At Sproat's Landing I met an engineer, Mr. B. C. Stewart, who is famous in his profession as the most tireless and intrepid exponent of its difficulties in the Dominion. The young men account it a misfortune to be detailed to go on one of his journeys with him. It is his custom to start out with a blanket, some bacon and meal, and a coffee-pot, and to be gone for weeks, and even for months. There scarcely can have been a hardier Scotchman, one of more simple tastes and requirements, or one possessing in any higher degree the quality called endurance. He has spent years in the mountains of British Columbia, finding and exploring the various passes, the most direct and feasible routes to and from them, the valleys between the ranges, and the characteristics of each section of the country. In a vast country that has not otherwise been one-thirdexplored he has made himself familiar with the full southern half. He has not known what it was to enjoy a home, nor has he seen an apple growing upon a tree in many years. During his long and close-succeeding trips he has run the whole gamut of the adventures incident to the lives of hunters or explorers, suffering hunger, exposure, peril from wild beasts, and all the hair-breadth escapes from frost and storm and flood that Nature unvanquished visits upon those who first brave her depths. Such is the work and such are the men that figure in the foremost preliminaries to railroad building.

Whoever has left the beaten path of travel or gone beyond a well-settled region can form a more or less just estimate of that which one of these professional pioneers encounters in prospecting for a railroad. I had several "tastes," as the Irish express it, of that very Kootenay Valley. I can say conscientiously that I never was in a wilder region. In going only a few yards from the railroad "right of way" the difficulties of an experienced pedestrianism like my own instantly became tremendous. There was a particularly choice spot for fishing at a distance of three-quarters of a mile from Dan Dunn's outfit, and I travelled the road to it half a dozen times. Bunyan would have strengthened thePilgrim's Progresshad he known of such conditions with which to surround his hero. Between rocks the size of a city mansion and unsteady bowlders no larger than a man's head the ground was all but covered. Among this wreckage trees grew in wild abundance, and countless trunks of dead ones lay rotting between them. A jungle as dense as any I eversaw was formed of soft-wood saplings and bushes, so that it was next to impossible to move a yard in any direction. It was out of the question for anyone to see three yards ahead, and there was often no telling when a foot was put down whether it was going through a rotten trunk or upon a spinning bowlder, or whether the black shadows here and there were a foot deep or were the mouths of fissures that reached to China. I fished too long one night, and was obliged to make that journey after dark. After ten minutes crowded with falls and false steps, the task seemed so hopelessly impossible that I could easily have been induced to turn back and risk a night on the rocks at the edge of the tide.

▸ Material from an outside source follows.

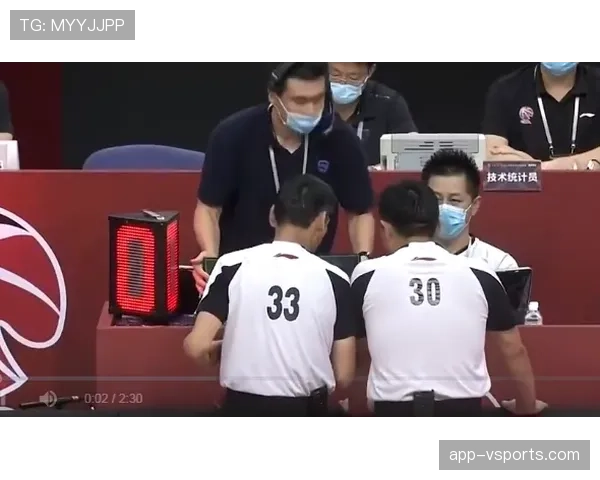 非法掩护属于犯规还是违例？规则解析告诉你答案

It was after a thorough knowledge of the natural conditions which the railroad men were overcoming that the gradual steps of their progress became most interesting. The first men to follow the engineers, after the specifications have been drawn up and the contracts signed, are the "right-of-way" men. These are partly trail-makers and partly laborers at the heavier work of actually clearing the wilderness for the road-bed. The trail-cutters are guided by the long line of stakes with which the engineers have marked the course the road is to take. The trail-men are sent out to cut what in general parlance would be called a path, over which supplies are to be thereafter carried to the workmen's camps. The path they cut must therefore be sufficiently wide for the passage along it of a mule and his load. As a mule's load will sometimes consist of the framework of a kitchen range, or the end boards of a bedstead, a five-foot swath through the forest is a trail of serviceable width. The trail-cutters fell the trees to right and left, and drag the fallen trunks out of the path as they go along, travelling and working between a mile and two miles each day, and moving their tents and provisions on pack-horses as they advance. They keep reasonably close to the projected line of the railway, but the path they cut is apt to be a winding one that avoids the larger rocks and the smaller ravines. Great distortions, such as hills or gullies, which the railroad must pass through or over, the trail men pay no heed to; neither do the pack-horses, whose tastes are not consulted, and who can cling to a rock at almost any angle, like flies of larger growth. This trail, when finished, leads from the company's storehouse all along the line, and from that storehouse, on the backs of the pack-animals, come all the food and tools and clothing, powder, dynamite, tents, and living utensils, to be used by the workmen, their bosses, and the engineers.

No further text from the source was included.